The Role of Aspirin Desensitization Followed by Oral Aspirin Therapy in Managing Patients with Aspirin-Exacerbated Respiratory Disease: A Work Group Report from the Rhinitis, Rhinosinusitis and Ocular Allergy Committee of the American Academy of Allergy, Asthma, and Immunology.

2020 
Abstract Aspirin-exacerbated respiratory disease (AERD) is characterized by the clinical triad of chronic rhinosinusitis with nasal polyps (CRSwNP), asthma, and an intolerance to medications that inhibit the cycloxgenase-1 (COX-1) enzyme. Patients with AERD on average have more severe respiratory disease compared to patients with CRSwNP and/or asthma alone. While AERD patients traditionally develop significant upper and lower respiratory symptoms upon ingestion of COX-1 inhibitors, the majority of these same patients report clinical benefit when desensitized to aspirin and maintained on daily aspirin therapy.

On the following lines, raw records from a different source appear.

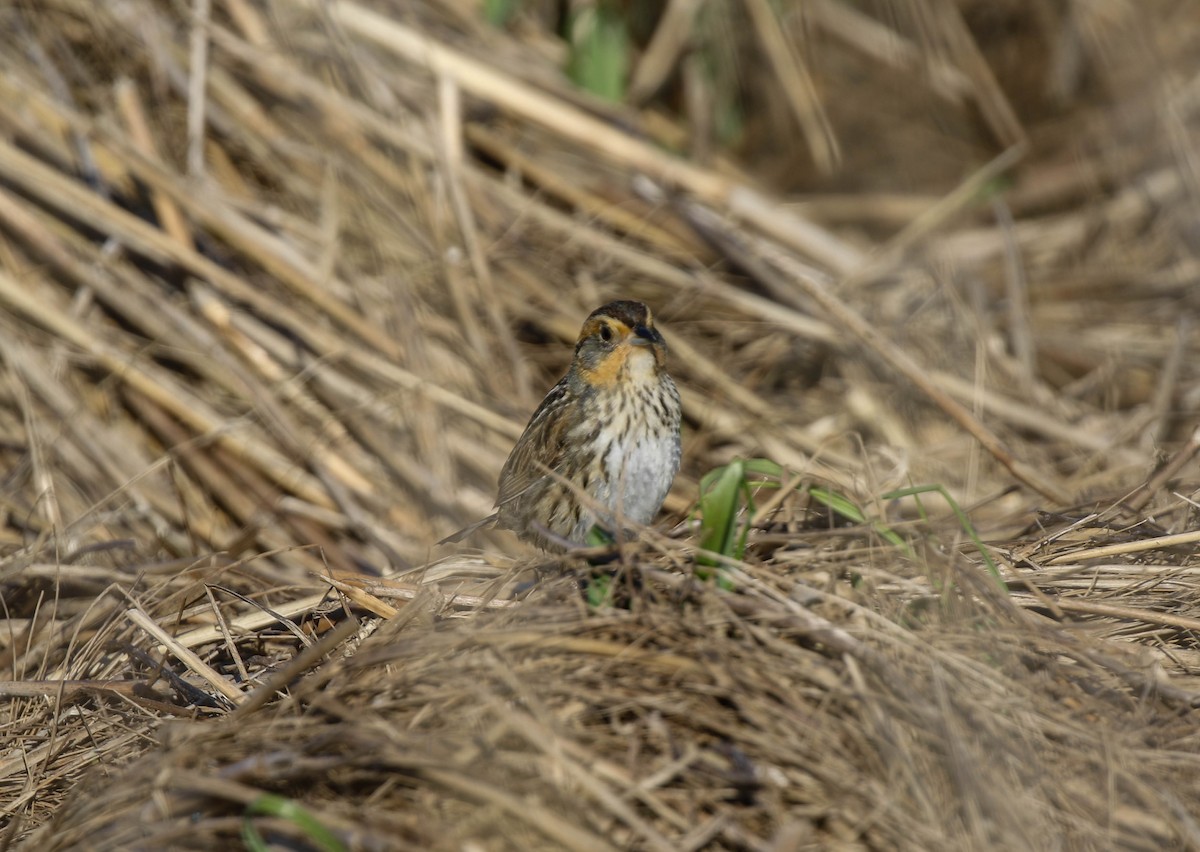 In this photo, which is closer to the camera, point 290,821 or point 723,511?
point 290,821

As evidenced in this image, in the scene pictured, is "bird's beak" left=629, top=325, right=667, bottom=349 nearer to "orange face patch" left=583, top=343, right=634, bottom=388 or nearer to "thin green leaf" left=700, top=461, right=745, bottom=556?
"orange face patch" left=583, top=343, right=634, bottom=388

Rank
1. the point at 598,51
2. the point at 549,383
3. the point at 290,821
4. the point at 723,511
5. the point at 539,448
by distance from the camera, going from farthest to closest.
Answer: the point at 598,51 < the point at 549,383 < the point at 539,448 < the point at 723,511 < the point at 290,821

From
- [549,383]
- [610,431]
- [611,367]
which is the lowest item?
[549,383]

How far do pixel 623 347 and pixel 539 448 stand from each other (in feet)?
1.42

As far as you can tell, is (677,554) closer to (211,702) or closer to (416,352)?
(211,702)

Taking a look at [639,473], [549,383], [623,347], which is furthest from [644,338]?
[549,383]

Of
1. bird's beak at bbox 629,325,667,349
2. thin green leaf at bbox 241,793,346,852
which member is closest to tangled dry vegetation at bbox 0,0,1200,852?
thin green leaf at bbox 241,793,346,852

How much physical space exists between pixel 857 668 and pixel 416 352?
10.1 feet

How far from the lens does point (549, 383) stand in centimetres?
583

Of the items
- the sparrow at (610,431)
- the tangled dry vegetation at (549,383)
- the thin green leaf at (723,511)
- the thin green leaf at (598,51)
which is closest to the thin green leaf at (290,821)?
the tangled dry vegetation at (549,383)

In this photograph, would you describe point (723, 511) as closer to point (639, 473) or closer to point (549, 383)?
point (639, 473)

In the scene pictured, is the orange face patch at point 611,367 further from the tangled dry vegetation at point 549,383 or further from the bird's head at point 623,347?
the tangled dry vegetation at point 549,383

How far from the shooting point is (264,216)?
224 inches

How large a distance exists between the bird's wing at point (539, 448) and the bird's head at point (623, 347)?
16 cm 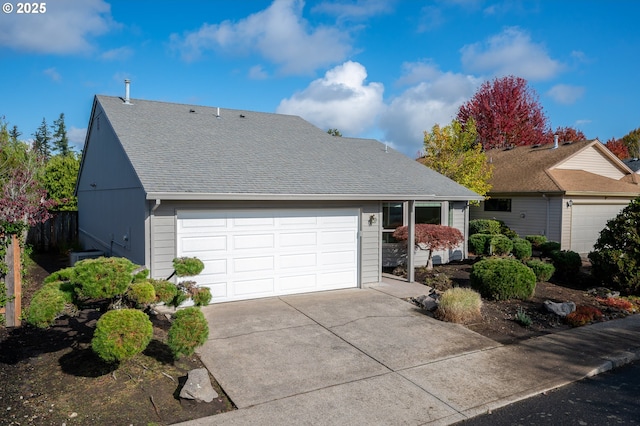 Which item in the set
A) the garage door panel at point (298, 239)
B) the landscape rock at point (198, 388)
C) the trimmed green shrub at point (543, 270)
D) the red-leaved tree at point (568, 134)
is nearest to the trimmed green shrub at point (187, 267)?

This Work Group Report provides a comprehensive review of aspirin challenges, aspirin desensitizations, and maintenance aspirin therapy in AERD patients. Identification of appropriate candidates, indications and contraindications, medical and surgical optimization strategies, protocols, medical management during the desensitization, and recommendations for maintenance aspirin therapy following desensitization are reviewed. Also included is a summary of studies evaluating the clinical efficacy of aspirin therapy after desensitization as well as a discussion on the possible cellular and molecular mechanisms explaining how this therapy provides unique benefit to AERD patients.